Novartis to invest US$35m in Gamida Cell
Swiss pharmaceutical giant will take 15% stake and has an option to buy the company
Novartis has agreed to take a 15% stake in Israeli stem cell technologies and products company Gamida Cell.
Under the agreement, the Swiss company will pay US$35m for the stake and has an option to fully acquire the company.
The buyout option will be exercisable for a limited period following achievement of certain milestones connected to the development of Gamida Cell's NiCord product, which Gamida estimates will be met in 2015.
Should the option be exercised, Novartis would pay Gamida Cell shareholders cash payments of approximately $165m and potential future payments up to $435m, depending on certain development and regulatory milestones and on sales of Gamida Cell's products.

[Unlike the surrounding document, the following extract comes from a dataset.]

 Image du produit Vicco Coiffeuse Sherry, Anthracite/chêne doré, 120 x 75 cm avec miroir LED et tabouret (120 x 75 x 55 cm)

Yael Margolin, President and CEO of Gamida Cell, said the agreement demonstrates Novartis' belief in the potential of Gamida Cell's platform technology, product pipeline and team.
'Novartis is a leading pharmaceutical company with a declared commitment to further expand and develop its pipeline of cell therapy products,' he added. 'This, combined with the breadth of its resources and experience, positions Novartis perfectly for an alliance with Gamida Cell.'
Completion of the transaction is subject to customary closing conditions.
Novartis will pay US$35m for the stake and has an option to fully acquire the company
Gamida Cell is currently involved in a Phase I/II study of NiCord as an investigational treatment for leukaemia and lymphoma. In this study, NiCord is being used as the sole stem cell source. NiCord is derived from a single cord blood unit and expanded and enriched with stem cells using Gamida Cell's proprietary NAM technology.
In a standard individual cord blood unit, the limited number of stem cells compromises successful engraftment in an adult patient. To circumvent this, doctors currently provide patients with two cord blood units to achieve therapeutically meaningful cell numbers. The positive clinical results of a Phase I/II clinical study using a double cord protocol, NiCord (the expanded cord blood unit) and an un-manipulated unit, showed early and durable engraftment with the un-manipulated unit disappearing in most of the patients.
These results were the basis for studying NiCord as a 'single' expanded unit without co-infusion of a second un-manipulated cord. NiCord may provide a single unit of expanded cord blood with clinical results comparable to those seen in a double cord setting, thus introducing a shift in treatment practice. The current study of NiCord will be followed by a Phase III study planned to begin at the end of 2015.
Additionally, the company is recruiting patients to its Phase I/II study of NiCord for treating paediatric sickle cell disease.